WORK TASK:
Transcribe the lines below exactly. No image belongs in the transcription.

DATA UNDER STUDY:
───
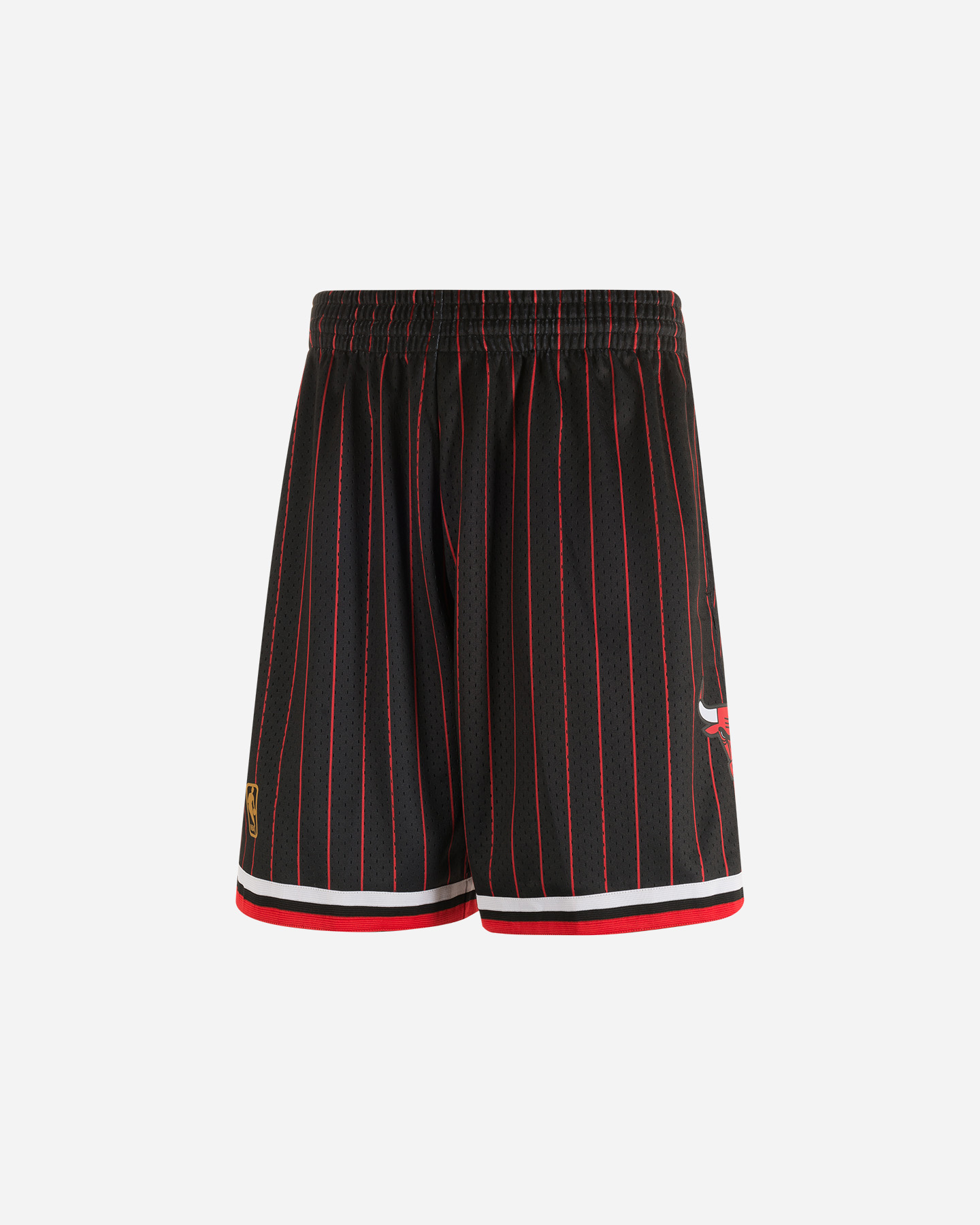 Pantaloncini basket MITCHELL&NESS NBA CHICAGO BULLS '96 STATEMENT M - 0 | Cisalfa Sport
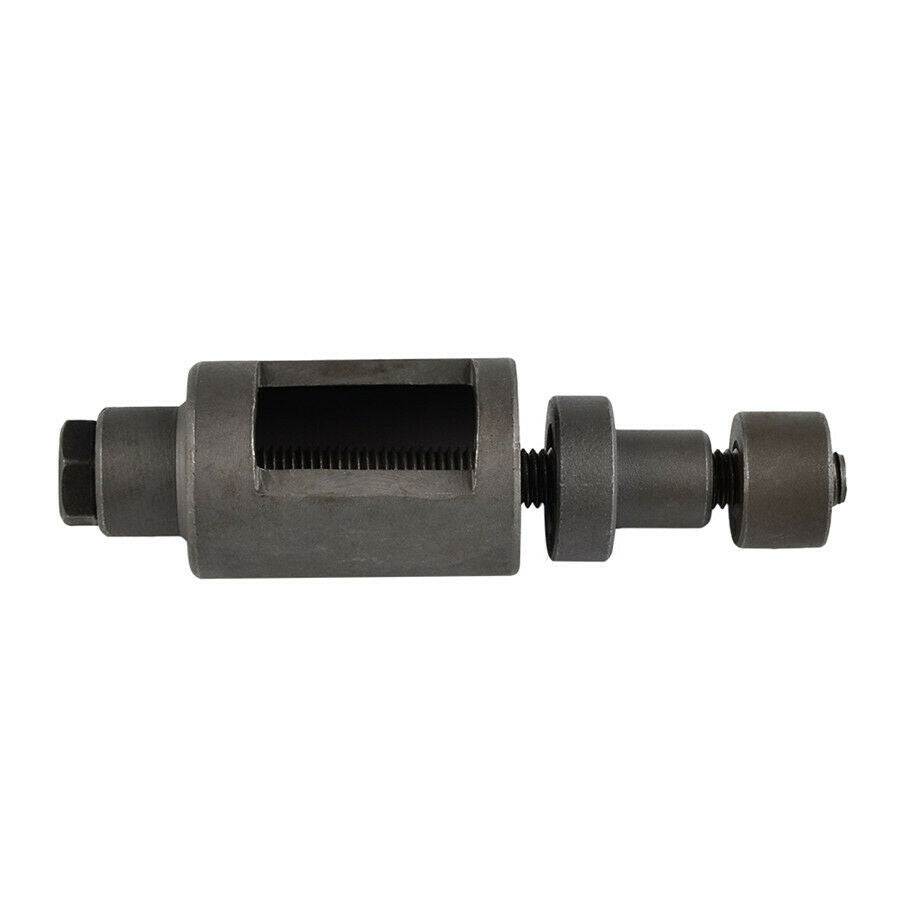 M10 Engine Bushing Remover Puller Tool For Scooter Moped GY6 50 60 80 125 150cc
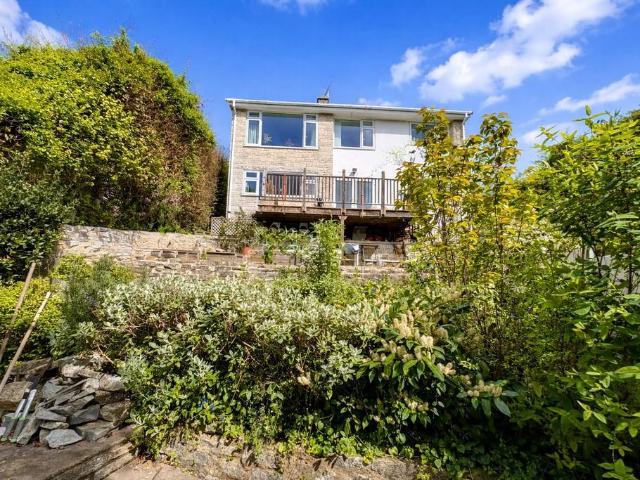 House for sale in Beckery, Glastonbury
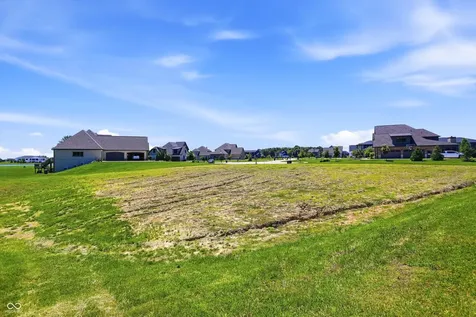 4108 Lochview Court Bargersville IN 46106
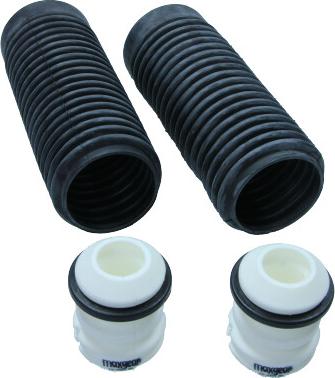 Maxgear 72-4359 - Dust Cover Kit, shock absorber onlydrive.pro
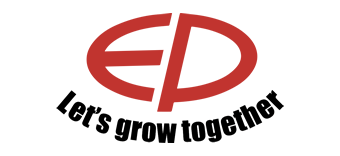 ep-ep-logo.png
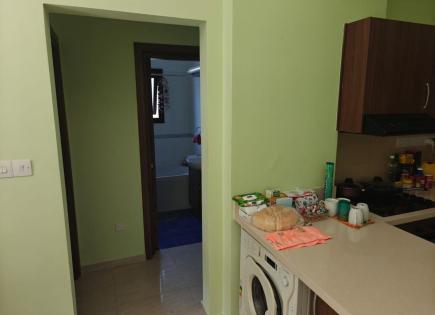 Апартаменты за 190 000 евро в Лимасоле, Кипр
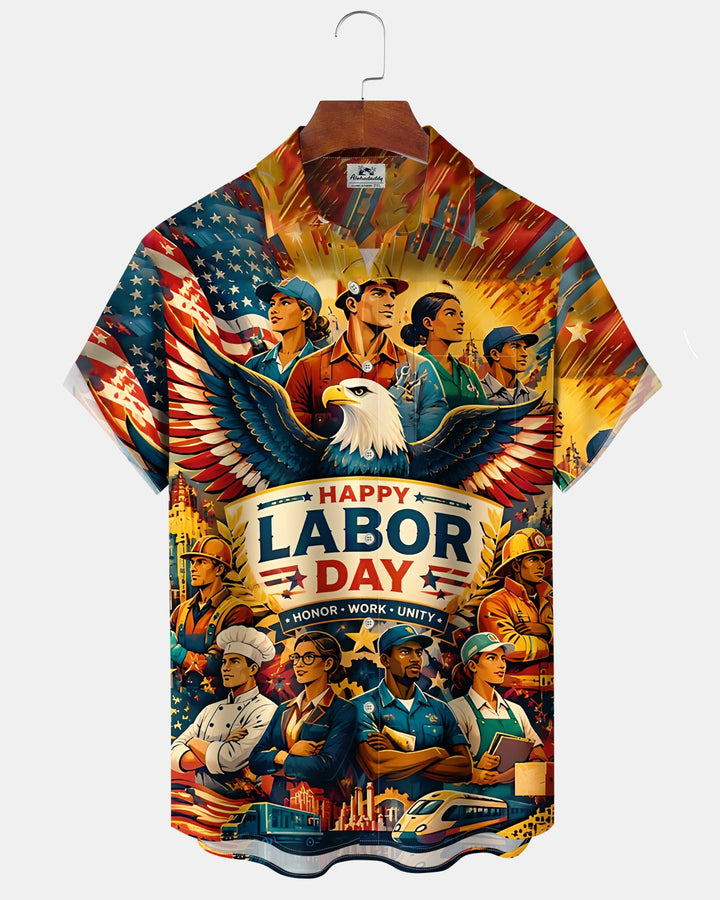 Alohadaddy® Men&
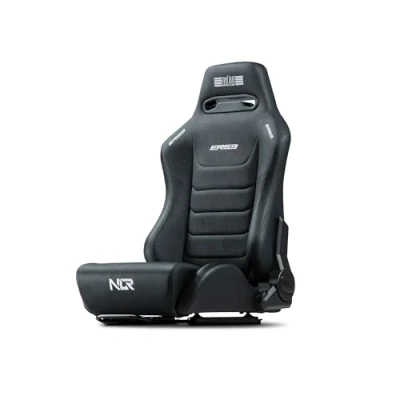 Imagen de Next Level Racing ERS3 Elite Reclining Seat (NLR E050)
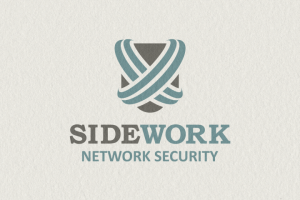 Работа 3587386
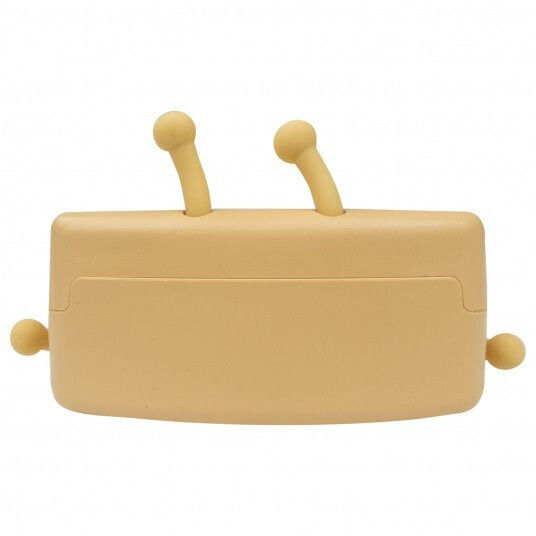 Mary's Kids Decorative Lamp White 12.1x4.9x15εκ.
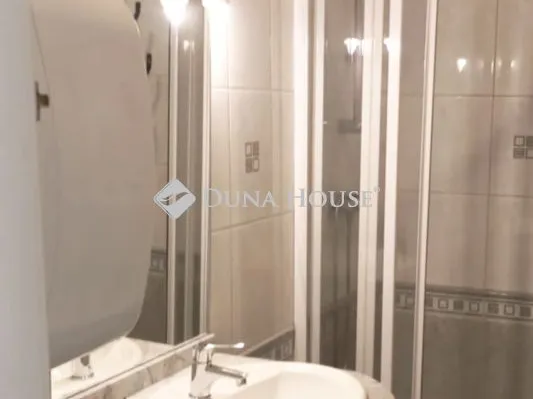 Eladó lakás Sopron 102 nm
───
REPLY TO THE EXERCISE:
 Pantaloncini basket MITCHELL&NESS NBA CHICAGO BULLS '96 STATEMENT M - 0 | Cisalfa Sport
 M10 Engine Bushing Remover Puller Tool For Scooter Moped GY6 50 60 80 125 150cc
 House for sale in Beckery, Glastonbury
 4108 Lochview Court Bargersville IN 46106
 Maxgear 72-4359 - Dust Cover Kit, shock absorber onlydrive.pro
 ep-ep-logo.png
 Апартаменты за 190 000 евро в Лимасоле, Кипр
 Alohadaddy® Men&
 Imagen de Next Level Racing ERS3 Elite Reclining Seat (NLR E050)
 Работа 3587386
 Mary's Kids Decorative Lamp White 12.1x4.9x15εκ.
 Eladó lakás Sopron 102 nm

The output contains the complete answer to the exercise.